◆ Assignment:
Please write out exactly the lines from the opening of the listing through the line that holds "925 Silver Necklace", including both, and nothing else; no pictures.

◆ Material shown:
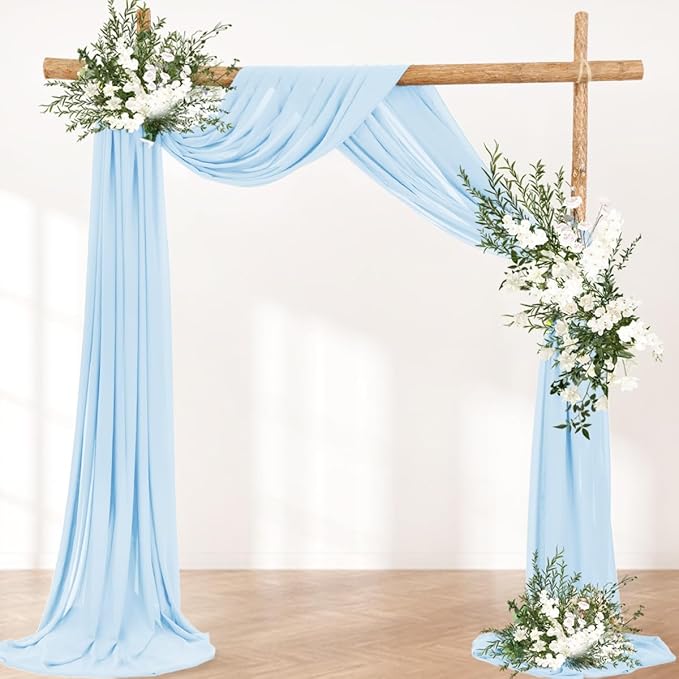 Wedding Arch Draping Fabric 30'' x 18FT Sheer Chiffon Arch Drape Backdrop 1 Panel Baby Blue Drape for Easter Bridal Shower Baby Shower Photo Booth Church Decor Birthday Party Outdoor Decor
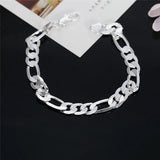 925 Silver Necklace Bracelet Set Classic 8mm Chain Party Wedding
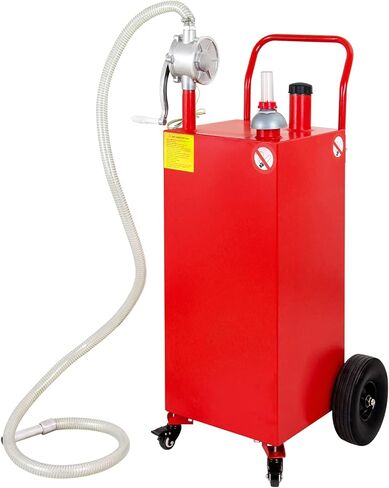 علبة غاز سعة 35 جالون، خزان وقود محمول، علبة ديزل كبيرة بحاوية بنزين مع مضخة دوارة وعجلات مطاطية صلبة للقوارب ATV والسيارات والدراجات النارية UTV باللون الأحمر in Kuwait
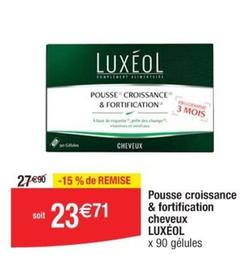 Luxéol - Pousse Croissance & Fortification Cheveux offre à 23,71€ sur Cora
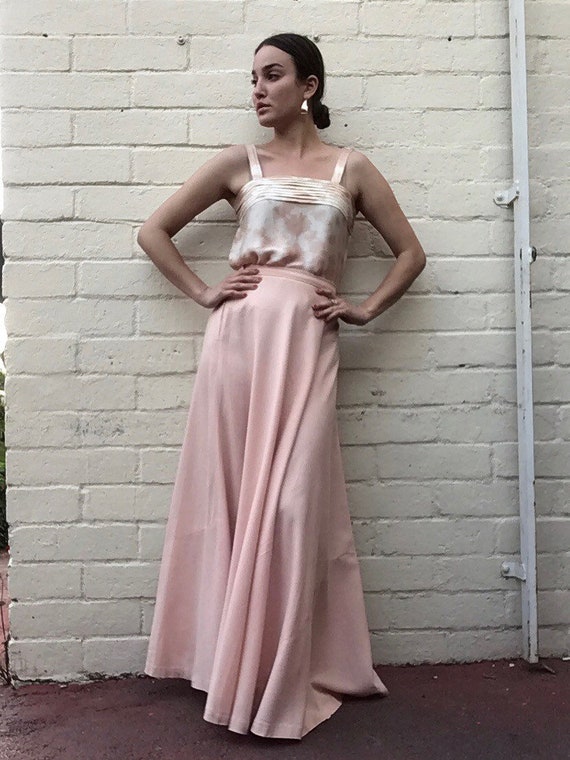 Gorgeous bias cut vintage circa 1940s flowy pink b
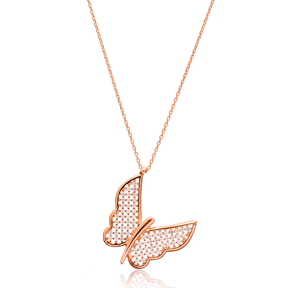 Butterfly Minimal Design Pendant In Turkish Wholesale 925 Sterling Silver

◆ Answer space:
 Wedding Arch Draping Fabric 30'' x 18FT Sheer Chiffon Arch Drape Backdrop 1 Panel Baby Blue Drape for Easter Bridal Shower Baby Shower Photo Booth Church Decor Birthday Party Outdoor Decor
 925 Silver Necklace Bracelet Set Classic 8mm Chain Party Wedding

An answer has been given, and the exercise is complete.